Black-Box Classifier Interpretation Using Decision Tree and Fuzzy Logic-Based Classifier Implementation

Lee, Hansoo;Kim, Sungshin

  • Received : 2015.12.07
  • Accepted : 2016.03.24
  • Published : 2016.03.25


Black-box classifiers, such as artificial neural network and support vector machine, are a popular classifier because of its remarkable performance. They are applied in various fields such as inductive inferences, classifications, or regressions. However, by its characteristics, they cannot provide appropriate explanations how the classification results are derived. Therefore, there are plenty of actively discussed researches about interpreting trained black-box classifiers. In this paper, we propose a method to make a fuzzy logic-based classifier using extracted rules from the artificial neural network and support vector machine in order to interpret internal structures.

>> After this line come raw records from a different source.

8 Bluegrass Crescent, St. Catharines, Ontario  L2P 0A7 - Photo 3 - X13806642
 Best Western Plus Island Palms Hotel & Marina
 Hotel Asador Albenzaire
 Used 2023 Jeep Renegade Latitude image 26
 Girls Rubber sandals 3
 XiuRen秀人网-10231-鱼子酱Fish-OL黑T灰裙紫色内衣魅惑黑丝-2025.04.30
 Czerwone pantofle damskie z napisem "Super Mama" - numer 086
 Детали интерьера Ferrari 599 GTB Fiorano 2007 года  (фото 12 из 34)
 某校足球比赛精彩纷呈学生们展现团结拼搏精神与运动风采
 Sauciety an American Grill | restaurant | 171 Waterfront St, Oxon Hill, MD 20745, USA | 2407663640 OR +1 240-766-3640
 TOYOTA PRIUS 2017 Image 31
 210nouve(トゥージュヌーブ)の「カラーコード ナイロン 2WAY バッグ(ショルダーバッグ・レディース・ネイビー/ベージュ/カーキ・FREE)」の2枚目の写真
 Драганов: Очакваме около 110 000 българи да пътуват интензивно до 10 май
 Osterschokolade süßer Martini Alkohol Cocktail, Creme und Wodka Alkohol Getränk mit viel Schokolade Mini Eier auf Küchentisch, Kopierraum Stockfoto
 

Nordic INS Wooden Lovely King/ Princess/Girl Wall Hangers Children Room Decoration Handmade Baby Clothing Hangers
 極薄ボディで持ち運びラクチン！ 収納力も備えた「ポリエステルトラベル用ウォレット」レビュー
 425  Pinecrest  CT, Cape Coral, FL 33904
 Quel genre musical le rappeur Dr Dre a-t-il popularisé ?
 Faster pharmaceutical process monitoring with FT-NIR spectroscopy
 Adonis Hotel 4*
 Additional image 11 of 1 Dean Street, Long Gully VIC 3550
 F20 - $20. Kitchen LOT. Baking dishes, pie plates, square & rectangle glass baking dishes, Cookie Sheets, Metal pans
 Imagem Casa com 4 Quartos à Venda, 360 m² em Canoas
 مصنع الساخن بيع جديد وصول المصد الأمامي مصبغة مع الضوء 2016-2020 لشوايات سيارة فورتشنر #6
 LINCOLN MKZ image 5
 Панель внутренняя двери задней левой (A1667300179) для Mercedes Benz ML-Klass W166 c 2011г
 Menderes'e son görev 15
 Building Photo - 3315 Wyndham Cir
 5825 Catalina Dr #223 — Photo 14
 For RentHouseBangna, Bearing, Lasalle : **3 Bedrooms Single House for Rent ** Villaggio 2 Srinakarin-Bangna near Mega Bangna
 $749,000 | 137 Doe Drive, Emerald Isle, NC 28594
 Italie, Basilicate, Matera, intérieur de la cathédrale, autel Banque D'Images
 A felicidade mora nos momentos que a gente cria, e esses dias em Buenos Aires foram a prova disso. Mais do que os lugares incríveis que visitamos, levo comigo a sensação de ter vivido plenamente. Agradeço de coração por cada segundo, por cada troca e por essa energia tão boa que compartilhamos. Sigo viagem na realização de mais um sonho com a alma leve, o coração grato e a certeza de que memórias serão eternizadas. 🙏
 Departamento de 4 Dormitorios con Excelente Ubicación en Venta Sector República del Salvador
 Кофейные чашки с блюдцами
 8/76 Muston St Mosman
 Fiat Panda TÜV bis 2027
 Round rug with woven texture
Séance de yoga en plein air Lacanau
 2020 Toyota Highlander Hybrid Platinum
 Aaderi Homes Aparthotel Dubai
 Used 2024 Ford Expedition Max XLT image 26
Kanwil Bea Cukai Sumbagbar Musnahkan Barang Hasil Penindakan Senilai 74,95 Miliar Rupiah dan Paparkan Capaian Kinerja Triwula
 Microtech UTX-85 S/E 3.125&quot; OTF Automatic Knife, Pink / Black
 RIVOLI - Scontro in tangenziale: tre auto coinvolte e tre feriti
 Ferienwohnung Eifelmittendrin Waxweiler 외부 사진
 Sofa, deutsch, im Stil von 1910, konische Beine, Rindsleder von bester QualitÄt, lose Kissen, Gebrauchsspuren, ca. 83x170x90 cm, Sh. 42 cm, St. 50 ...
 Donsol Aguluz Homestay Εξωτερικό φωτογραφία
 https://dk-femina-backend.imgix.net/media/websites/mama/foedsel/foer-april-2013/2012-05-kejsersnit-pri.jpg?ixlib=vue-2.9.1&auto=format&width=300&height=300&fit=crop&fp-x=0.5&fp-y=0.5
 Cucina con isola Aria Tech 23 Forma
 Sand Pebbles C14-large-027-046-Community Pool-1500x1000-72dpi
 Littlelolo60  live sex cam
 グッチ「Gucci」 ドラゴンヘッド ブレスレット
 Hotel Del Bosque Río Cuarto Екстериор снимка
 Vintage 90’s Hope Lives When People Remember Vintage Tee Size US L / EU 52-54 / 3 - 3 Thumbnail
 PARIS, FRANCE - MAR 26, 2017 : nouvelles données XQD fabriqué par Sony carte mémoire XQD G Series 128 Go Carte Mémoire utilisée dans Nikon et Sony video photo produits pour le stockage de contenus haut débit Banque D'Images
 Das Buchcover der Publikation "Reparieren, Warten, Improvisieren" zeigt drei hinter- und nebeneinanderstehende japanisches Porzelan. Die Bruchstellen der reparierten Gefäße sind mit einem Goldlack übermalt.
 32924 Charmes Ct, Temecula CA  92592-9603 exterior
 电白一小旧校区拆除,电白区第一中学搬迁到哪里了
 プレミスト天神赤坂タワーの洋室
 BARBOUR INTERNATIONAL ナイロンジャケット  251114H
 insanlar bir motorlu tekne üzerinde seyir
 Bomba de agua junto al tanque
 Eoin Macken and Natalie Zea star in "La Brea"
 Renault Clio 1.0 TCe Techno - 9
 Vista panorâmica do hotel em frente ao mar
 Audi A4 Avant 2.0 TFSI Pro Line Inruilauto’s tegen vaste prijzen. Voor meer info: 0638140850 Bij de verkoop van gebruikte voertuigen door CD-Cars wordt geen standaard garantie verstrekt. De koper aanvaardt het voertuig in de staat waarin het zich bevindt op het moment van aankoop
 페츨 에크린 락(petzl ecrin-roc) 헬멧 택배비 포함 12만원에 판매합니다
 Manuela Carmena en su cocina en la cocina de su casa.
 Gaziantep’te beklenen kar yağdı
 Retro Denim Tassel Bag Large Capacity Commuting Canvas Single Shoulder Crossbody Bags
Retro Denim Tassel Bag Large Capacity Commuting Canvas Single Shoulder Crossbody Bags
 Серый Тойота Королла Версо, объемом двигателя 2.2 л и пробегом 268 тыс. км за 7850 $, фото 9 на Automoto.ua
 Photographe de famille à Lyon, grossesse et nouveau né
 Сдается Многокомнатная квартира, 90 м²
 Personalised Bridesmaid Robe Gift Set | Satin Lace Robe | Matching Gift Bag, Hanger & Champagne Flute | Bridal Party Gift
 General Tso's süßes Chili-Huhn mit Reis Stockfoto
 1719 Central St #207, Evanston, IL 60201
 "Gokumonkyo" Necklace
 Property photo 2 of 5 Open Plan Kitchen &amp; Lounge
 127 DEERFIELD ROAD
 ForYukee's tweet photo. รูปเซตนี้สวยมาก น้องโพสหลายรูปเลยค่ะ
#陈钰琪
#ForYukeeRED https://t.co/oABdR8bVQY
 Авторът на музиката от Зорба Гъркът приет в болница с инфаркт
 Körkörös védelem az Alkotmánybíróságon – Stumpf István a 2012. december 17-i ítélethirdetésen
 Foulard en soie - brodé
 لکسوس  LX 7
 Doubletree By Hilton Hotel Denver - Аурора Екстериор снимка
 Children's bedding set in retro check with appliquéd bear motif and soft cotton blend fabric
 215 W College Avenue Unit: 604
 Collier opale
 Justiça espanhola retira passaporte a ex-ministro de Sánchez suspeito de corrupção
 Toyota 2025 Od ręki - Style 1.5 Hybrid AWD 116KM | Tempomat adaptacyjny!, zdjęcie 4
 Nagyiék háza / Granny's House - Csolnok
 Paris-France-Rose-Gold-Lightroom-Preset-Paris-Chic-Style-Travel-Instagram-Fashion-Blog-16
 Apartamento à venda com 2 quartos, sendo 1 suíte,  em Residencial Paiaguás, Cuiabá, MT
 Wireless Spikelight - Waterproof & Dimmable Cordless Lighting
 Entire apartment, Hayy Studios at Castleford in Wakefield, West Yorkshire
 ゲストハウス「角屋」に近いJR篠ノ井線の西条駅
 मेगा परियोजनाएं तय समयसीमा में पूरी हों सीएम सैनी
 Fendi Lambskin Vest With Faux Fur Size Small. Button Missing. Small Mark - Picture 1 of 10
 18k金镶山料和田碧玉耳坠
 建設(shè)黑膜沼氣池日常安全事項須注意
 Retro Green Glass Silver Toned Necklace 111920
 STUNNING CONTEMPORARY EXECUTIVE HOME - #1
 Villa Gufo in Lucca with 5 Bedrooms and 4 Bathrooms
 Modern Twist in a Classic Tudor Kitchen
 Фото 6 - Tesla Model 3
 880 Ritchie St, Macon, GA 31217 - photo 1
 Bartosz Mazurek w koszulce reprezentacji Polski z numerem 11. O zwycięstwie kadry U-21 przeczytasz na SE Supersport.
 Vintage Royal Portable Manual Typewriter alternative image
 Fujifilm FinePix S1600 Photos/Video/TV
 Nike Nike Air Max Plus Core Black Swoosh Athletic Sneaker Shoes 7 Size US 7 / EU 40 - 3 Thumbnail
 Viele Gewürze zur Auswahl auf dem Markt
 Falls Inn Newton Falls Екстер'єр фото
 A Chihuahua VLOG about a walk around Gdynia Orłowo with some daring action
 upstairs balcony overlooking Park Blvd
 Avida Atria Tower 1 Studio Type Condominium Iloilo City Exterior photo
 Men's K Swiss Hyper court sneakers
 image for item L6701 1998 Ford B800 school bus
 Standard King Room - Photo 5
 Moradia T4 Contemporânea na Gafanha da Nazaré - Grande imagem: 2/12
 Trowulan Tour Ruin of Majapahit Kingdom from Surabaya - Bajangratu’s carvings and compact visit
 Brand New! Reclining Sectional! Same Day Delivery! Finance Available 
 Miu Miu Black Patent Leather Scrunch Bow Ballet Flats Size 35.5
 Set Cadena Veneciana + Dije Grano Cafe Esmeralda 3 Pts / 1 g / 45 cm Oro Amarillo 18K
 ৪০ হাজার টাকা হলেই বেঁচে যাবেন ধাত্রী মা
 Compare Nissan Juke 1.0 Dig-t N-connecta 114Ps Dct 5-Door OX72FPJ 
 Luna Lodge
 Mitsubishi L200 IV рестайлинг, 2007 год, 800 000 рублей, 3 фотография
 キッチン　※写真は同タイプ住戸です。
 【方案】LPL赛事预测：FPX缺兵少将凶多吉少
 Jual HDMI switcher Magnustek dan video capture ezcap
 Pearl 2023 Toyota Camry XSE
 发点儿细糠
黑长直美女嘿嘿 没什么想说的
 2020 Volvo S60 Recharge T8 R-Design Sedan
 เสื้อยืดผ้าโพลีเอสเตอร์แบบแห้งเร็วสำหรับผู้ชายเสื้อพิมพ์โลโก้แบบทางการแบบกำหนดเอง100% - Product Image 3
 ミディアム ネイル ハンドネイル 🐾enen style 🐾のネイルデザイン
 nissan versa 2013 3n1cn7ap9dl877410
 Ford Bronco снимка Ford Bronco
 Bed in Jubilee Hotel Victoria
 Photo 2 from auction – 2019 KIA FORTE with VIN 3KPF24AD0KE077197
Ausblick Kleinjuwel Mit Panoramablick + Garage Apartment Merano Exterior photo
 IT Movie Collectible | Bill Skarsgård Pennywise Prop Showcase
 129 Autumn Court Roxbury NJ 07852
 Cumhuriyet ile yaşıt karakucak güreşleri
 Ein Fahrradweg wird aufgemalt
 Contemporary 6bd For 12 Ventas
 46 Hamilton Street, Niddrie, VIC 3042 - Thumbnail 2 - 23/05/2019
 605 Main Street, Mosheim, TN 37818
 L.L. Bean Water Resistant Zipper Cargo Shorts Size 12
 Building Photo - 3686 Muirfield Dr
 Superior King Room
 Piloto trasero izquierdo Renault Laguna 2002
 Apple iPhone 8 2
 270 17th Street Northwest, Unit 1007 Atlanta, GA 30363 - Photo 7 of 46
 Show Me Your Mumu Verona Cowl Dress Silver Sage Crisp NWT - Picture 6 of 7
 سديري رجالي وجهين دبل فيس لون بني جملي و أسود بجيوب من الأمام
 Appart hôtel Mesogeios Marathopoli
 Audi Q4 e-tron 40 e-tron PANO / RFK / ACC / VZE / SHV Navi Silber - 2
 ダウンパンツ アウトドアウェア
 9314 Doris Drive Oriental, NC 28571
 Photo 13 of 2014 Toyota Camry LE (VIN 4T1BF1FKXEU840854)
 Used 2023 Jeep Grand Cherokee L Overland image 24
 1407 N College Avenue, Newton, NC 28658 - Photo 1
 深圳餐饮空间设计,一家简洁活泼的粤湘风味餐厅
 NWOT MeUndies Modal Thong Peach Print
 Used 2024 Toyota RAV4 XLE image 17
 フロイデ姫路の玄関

As an object of classification, an anomalous propagation echo is selected which occurs frequently in radar data and becomes the problem in a precipitation estimation process. After applying a clustering method, learning dataset is generated from clusters. Using the learning dataset, artificial neural network and support vector machine are implemented. After that, decision trees for each classifier are generated. And they are used to implement simplified fuzzy logic-based classifiers by rule extraction and input selection. Finally, we can verify and compare performances. With actual occurrence cased of the anomalous propagation echo, we can determine the inner structures of the black-box classifiers.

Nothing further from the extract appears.